## Description

mixedClust is an R package to perform co-clustering on heterogeneous data. The kind of data that are taken into account are:

• Categorical
• Quantitative
• Integer
• Ordinal
• Functional

## Installation

``````set.seed(5)
``````
``````library(mixedClust)
``````

## Datasets

under construction

## Simulation of heterogeneous data

The following codes simulate a sample of heterogeneous data.

``````M <- matrix(0, nrow=150,ncol=250)
``````

### Simulation of categorical data

This snippet creates a sample of categorical data with 6 levels.

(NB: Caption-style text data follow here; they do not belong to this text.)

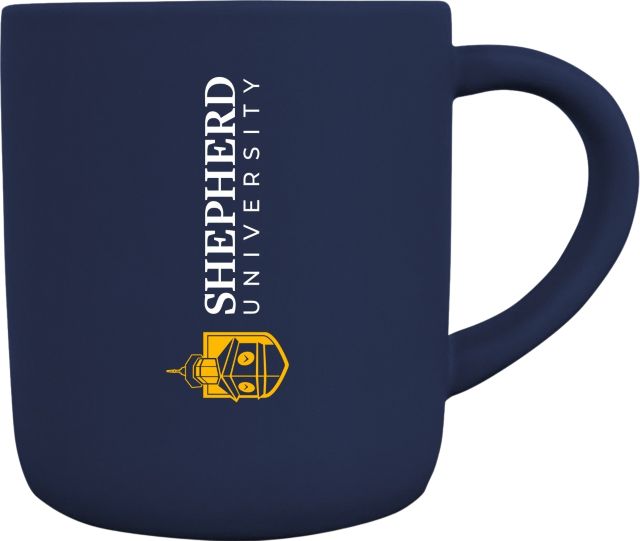 Shepherd University 20 oz. Ceramic Mug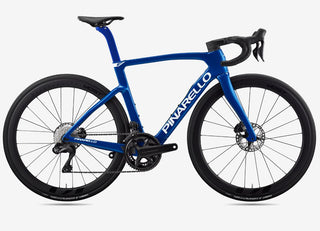 Pinarello F7 Force AXS Disk Victoria Blue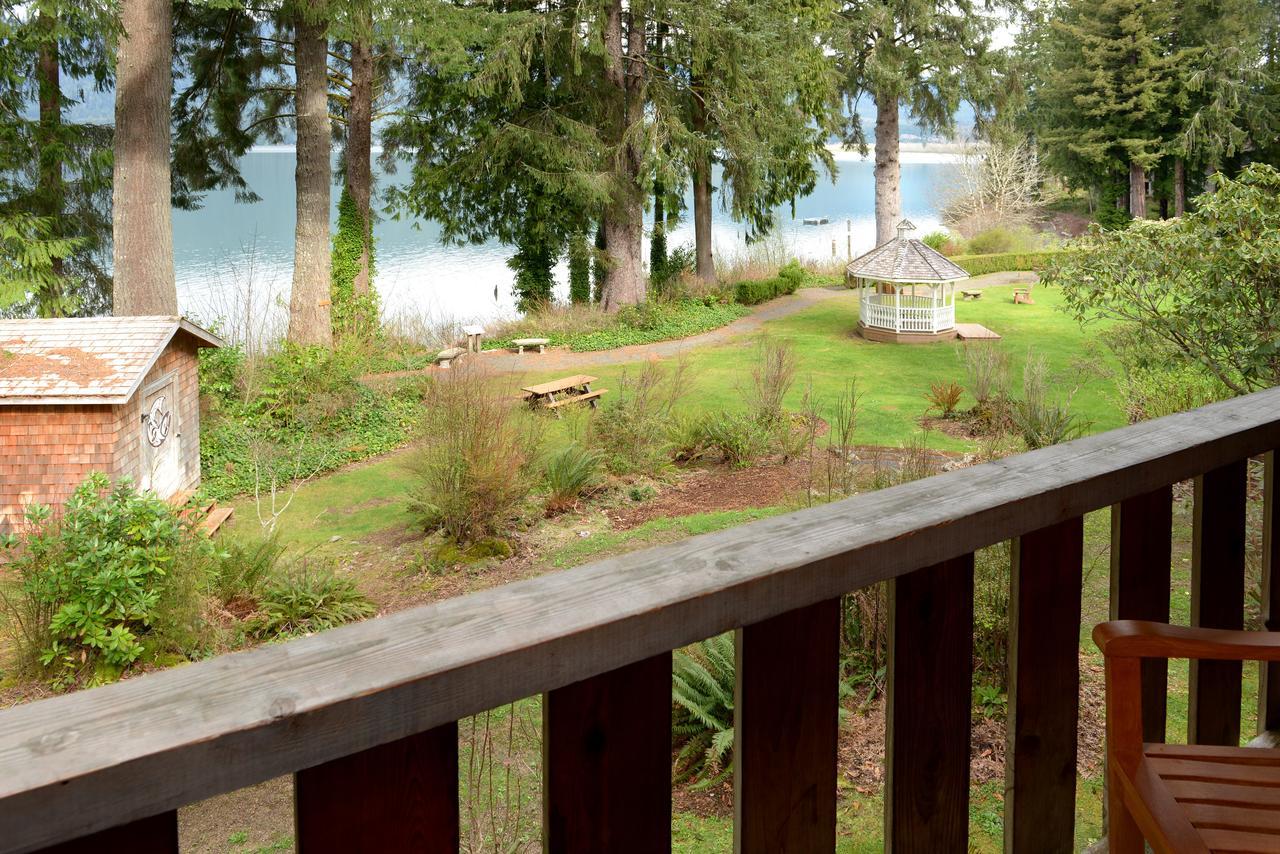 Lake Quinault Lodge Экстерьер фото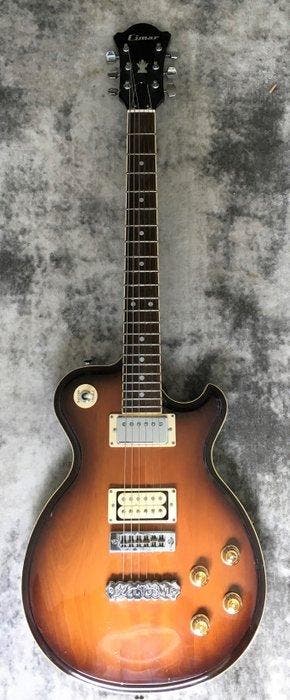 Cimar - SC Series BS 2050 - - Elektrische gitaar - Japan -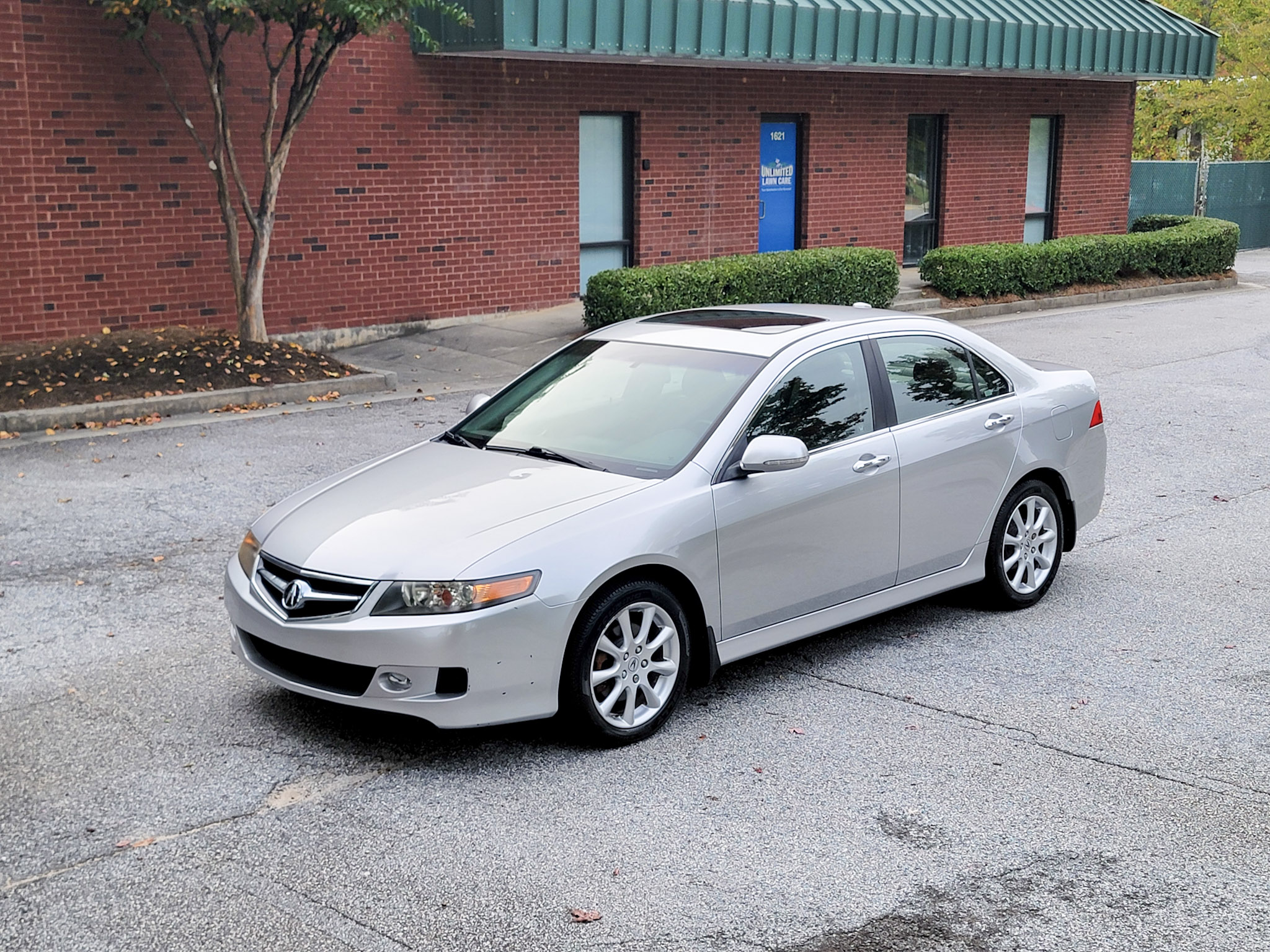 Used 2007 Acura TSX UNAVAIL FWD image 13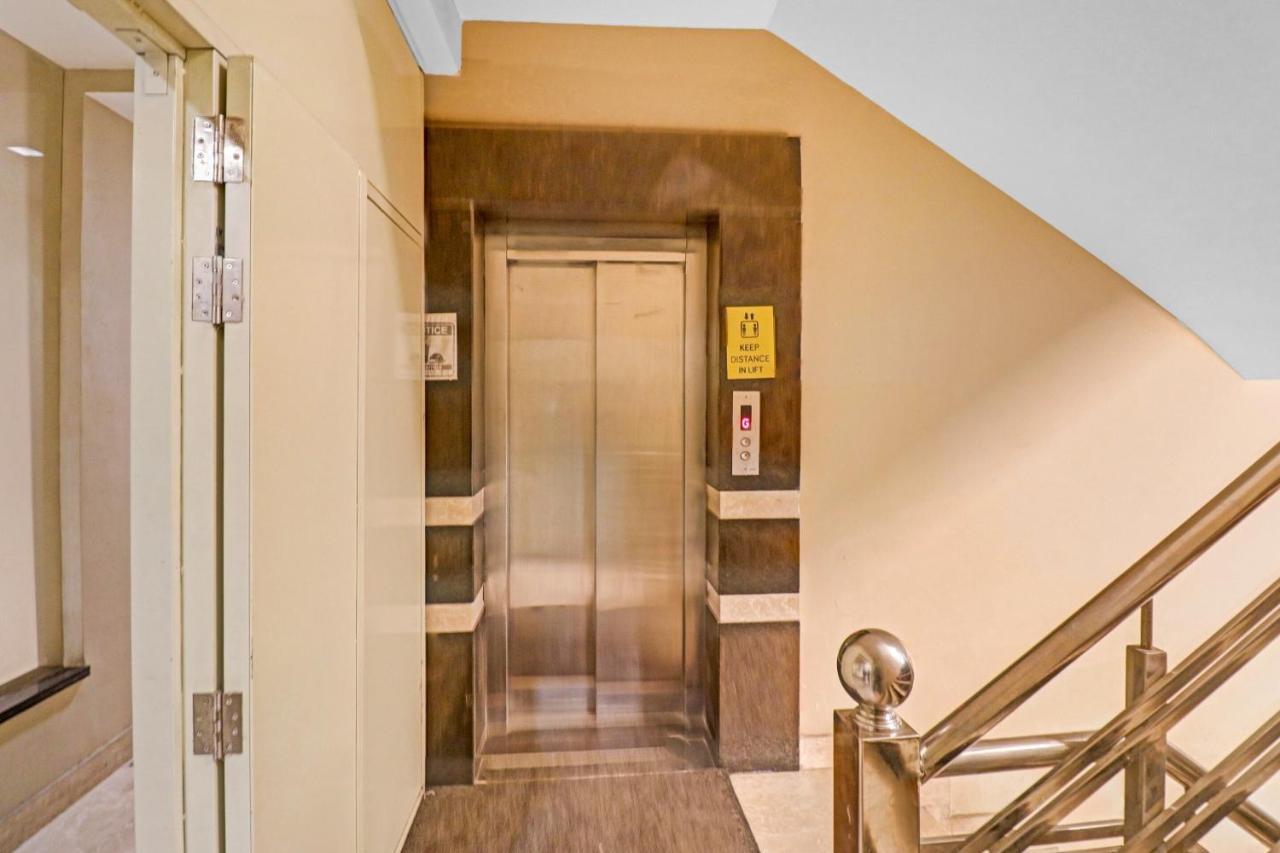 Hotel Townhouse 450 Dwarka à Delhi  Extérieur photo
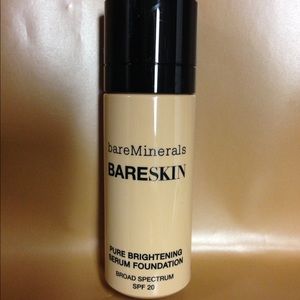 Bare Minerals BareSkin Liquid Foundation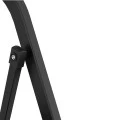STEP LADDER NEO BLACK WITH 3 STEPS 46x71x105cm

``````multinomial6.block1 <- sample(1:6, 120*75, prob = c(0.4,0.25,0.1,0.1,0.05,0.1), replace = TRUE)
multinomial6.block2 <- sample(1:6, 120*50, prob = c(0.1,0.1,0.05,0.6,0.1,0.05), replace = TRUE)
multinomial6.block3 <- sample(1:6, 30*75, prob = c(0.2,0.1,0.2,0.1,0.1,0.3), replace = TRUE)
multinomial6.block4 <- sample(1:6, 30*50, prob = c(0.05,0.2,0.1,0.2,0.4,0.05), replace = TRUE)

M[1:120,1:75] <- multinomial6.block1
M[1:120,76:125] <- multinomial6.block2
M[121:150,1:75] <- multinomial6.block3
M[121:150,76:125] <- multinomial6.block4
``````

### Simulation of quantitative data

``````gaussian.block1 <- rnorm(120*10)
gaussian.block2 <- rnorm(120*40,mean=28,sd=7)
gaussian.block3 <- rnorm(30*10,mean=-12,sd=1.5)
gaussian.block4 <- rnorm(30*40,mean=2,sd=1.5)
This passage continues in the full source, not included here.